Published October 6, 2020
New research reveals that certain studies — clinical trials on drugs that appeared not to benefit patients with Alzheimer’s disease — should now be reanalyzed in light of recent discoveries about a gene called CHRFAM7A.
The research builds on previous work led by Kinga Szigeti, MD, PhD, professor of neurology and director of UB’s Alzheimer’s Disease and Memory Disorders Center.
That work found that CHRFAM7A, which is unique to humans but isn’t present in everyone in its active form, can determine whether or not they will respond to three out of the four Alzheimer’s disease treatments approved by the Food and Drug Administration that increase acetylcholine, a neurotransmitter involved in learning and memory.
The previous work illuminated why promising mice studies of potential Alzheimer’s drugs targeting the alpha 7 nicotinic receptor appeared to be unsuccessful when they advanced to human trials.
“This uniquely human gene modifies the alpha 7 nicotinic receptor, and as a consequence, drugs that are optimized in mice are insufficient for 75 percent of the population that has the active CHRFAM7A gene and the humanized receptor,” says Szigeti, corresponding author, who practices through UBMD Neurology.
“This underlying, previously unknown genetic heterogeneity, especially with this ratio, undermined drug development efforts,” she explains. “Our data indicate that drugs that target the nerve cells in which acetylcholine acts as a neurotransmitter, known as the cholinergic system, may benefit 25 percent of the individuals, and now we can identify who they are.”
“For Alzheimer’s, if we can treat 25 percent of patients, that is 1.5 million people,” says Szigeti. “That would be a major advance.”

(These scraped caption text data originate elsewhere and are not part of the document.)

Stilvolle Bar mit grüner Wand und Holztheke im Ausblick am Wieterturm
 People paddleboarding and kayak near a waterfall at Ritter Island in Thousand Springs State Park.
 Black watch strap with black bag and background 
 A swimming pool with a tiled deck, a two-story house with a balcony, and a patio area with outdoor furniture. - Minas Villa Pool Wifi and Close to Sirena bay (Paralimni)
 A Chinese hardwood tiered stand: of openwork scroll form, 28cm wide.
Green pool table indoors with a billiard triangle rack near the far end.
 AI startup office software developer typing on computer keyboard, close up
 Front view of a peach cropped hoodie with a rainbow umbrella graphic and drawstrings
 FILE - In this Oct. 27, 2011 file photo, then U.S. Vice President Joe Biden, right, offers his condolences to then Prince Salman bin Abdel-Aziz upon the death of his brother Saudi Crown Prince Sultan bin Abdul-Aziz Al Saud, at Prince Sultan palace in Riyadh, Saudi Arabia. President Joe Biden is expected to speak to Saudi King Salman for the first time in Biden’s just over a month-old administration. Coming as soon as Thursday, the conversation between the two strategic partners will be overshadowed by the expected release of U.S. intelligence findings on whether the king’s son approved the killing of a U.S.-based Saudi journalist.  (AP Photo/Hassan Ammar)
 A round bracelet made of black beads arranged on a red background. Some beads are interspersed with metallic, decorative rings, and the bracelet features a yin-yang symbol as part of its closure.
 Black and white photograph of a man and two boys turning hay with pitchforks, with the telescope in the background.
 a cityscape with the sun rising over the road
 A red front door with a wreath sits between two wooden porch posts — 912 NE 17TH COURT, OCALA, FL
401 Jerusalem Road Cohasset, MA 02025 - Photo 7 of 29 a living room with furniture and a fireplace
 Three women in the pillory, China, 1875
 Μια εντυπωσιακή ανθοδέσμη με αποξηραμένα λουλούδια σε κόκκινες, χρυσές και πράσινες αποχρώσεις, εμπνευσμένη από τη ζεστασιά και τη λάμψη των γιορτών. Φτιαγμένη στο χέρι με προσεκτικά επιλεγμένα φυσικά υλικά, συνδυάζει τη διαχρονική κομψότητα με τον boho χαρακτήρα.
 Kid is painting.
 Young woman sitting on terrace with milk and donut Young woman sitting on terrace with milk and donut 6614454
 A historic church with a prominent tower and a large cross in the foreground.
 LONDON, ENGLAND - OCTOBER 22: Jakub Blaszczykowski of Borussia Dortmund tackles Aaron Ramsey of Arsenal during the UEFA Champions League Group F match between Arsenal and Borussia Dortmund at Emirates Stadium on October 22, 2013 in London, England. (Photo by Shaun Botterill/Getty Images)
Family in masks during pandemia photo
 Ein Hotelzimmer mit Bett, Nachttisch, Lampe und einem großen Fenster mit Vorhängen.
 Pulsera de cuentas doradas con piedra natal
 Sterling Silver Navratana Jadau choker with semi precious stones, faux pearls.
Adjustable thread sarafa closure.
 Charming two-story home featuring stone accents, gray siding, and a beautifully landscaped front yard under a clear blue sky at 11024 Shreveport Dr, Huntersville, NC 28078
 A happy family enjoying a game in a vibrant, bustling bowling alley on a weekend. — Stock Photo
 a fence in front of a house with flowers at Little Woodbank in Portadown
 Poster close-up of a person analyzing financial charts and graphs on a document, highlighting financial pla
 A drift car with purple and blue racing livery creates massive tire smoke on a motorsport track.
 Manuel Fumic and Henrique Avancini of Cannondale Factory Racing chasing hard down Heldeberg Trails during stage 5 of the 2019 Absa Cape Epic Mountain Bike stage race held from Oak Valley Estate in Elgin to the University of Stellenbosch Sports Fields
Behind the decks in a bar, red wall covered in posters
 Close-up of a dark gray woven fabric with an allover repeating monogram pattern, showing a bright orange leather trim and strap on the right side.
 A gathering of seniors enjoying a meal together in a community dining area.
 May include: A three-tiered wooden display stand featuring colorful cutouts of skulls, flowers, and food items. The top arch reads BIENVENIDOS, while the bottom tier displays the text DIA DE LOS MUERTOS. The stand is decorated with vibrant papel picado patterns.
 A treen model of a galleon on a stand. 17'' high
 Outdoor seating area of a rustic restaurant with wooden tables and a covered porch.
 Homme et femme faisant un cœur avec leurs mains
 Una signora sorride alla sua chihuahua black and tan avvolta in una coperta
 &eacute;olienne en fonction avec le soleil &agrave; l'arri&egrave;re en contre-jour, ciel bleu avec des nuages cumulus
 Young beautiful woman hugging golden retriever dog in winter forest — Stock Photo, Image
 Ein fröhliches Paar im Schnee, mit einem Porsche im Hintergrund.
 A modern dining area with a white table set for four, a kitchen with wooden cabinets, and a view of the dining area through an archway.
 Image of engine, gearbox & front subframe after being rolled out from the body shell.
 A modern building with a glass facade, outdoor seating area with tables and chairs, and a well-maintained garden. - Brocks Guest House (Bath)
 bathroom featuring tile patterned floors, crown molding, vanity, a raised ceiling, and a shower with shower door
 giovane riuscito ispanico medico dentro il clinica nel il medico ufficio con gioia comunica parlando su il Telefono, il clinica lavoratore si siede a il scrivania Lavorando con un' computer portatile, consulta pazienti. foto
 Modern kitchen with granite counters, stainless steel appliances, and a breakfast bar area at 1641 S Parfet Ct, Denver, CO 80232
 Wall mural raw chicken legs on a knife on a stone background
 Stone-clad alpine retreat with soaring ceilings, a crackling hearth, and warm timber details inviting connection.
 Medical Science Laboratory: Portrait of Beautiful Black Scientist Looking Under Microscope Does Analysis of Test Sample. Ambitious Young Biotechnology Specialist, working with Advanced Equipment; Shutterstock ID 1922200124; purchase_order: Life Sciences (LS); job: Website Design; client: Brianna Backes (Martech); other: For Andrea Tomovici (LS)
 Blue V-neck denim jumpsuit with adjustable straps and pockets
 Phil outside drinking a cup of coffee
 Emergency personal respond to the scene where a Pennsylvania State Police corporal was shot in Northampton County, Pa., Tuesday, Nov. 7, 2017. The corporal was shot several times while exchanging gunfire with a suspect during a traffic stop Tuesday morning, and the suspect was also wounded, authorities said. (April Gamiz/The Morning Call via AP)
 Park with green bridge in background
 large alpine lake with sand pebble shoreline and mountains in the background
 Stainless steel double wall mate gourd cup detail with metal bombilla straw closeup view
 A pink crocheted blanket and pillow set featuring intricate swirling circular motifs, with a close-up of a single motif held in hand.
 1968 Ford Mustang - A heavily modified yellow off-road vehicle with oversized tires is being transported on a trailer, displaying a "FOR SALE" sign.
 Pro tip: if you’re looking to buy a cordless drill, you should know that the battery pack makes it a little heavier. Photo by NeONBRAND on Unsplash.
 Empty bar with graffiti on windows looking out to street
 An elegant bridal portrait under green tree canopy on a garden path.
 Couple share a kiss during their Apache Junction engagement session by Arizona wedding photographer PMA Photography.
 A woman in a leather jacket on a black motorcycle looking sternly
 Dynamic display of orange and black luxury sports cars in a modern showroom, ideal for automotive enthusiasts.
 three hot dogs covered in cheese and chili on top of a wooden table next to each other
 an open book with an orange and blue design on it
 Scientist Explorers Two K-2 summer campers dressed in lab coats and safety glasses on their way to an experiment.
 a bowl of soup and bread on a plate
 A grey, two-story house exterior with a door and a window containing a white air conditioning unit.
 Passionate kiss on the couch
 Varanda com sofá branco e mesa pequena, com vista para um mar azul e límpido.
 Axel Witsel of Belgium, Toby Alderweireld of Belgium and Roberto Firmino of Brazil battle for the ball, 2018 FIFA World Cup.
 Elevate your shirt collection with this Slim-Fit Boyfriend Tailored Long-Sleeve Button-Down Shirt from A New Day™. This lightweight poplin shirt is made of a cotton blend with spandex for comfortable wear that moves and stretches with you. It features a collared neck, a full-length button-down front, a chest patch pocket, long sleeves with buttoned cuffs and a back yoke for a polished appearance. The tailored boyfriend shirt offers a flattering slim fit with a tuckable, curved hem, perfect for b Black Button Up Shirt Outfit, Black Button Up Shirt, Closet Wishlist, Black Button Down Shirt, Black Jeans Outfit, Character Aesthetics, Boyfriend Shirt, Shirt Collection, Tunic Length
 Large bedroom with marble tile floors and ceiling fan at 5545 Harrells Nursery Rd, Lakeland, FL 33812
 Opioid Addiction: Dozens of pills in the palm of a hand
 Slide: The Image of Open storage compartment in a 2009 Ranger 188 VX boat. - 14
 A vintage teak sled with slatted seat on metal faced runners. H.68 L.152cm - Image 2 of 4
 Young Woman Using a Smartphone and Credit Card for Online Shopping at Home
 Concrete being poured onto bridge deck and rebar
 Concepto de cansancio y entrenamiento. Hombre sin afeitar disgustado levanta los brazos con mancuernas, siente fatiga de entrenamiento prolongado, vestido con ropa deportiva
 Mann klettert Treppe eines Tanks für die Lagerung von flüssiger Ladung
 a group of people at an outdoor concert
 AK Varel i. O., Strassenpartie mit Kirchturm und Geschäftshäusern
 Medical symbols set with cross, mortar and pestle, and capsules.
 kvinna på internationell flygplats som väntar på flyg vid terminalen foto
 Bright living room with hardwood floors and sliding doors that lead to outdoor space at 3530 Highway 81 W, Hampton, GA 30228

The research was conducted on induced pluripotent stem cells (iPSC) converted from the skin cells of patients with Alzheimer’s disease and validated in clinical data from a 10-year, longitudinal, multicenter cohort study by the Texas Alzheimer’s Research and Care Consortium (TARCC) on 345 Alzheimer’s patients, as well as data from the University at Buffalo cohort.
The new research reports results from the iPSC model and the pharmacogenetic studies.
“This system that we created models the 25 percent of patients who could respond to the cholinergic drugs that supposedly failed in clinical trials” says Szigeti. She explains that it contrasts the patients with the 75 percent of people likely needing a different approach.
“This is the best evidence so far that those clinical trials should be reanalyzed,” she notes.
The research also provides evidence that individualizing treatment to patients’ genotypes will be key to attacking Alzheimer’s disease.
The paper reports that this is the first proof of concept study that genotype and mechanism specific treatment is feasible in Alzheimer’s disease.
The researchers have concluded that instead of one disease for which a single drug is the solution, Alzheimer’s disease may, like cancer, represent a number of diseases, each of which will require its own targeted treatment.
“It takes a simple blood test to determine a patient’s genotype, which will reveal whether or not a patient will respond to this class of drugs,” Szigeti says.
The research was published online in EBioMedicine in August.
It would need to be validated in larger, double-blind clinical trials, Szigeti says.
She notes that this can be achieved by reanalyzing the completed trials, saving millions of dollars.
The research was supported by the TARCC and funded by the state of Texas through the Texas Council on Alzheimer’s Disease and Related Disorders; the Alzheimer’s Association; the Edward A. and Stephanie E. Fial Fund and the Community Foundation for Greater Buffalo.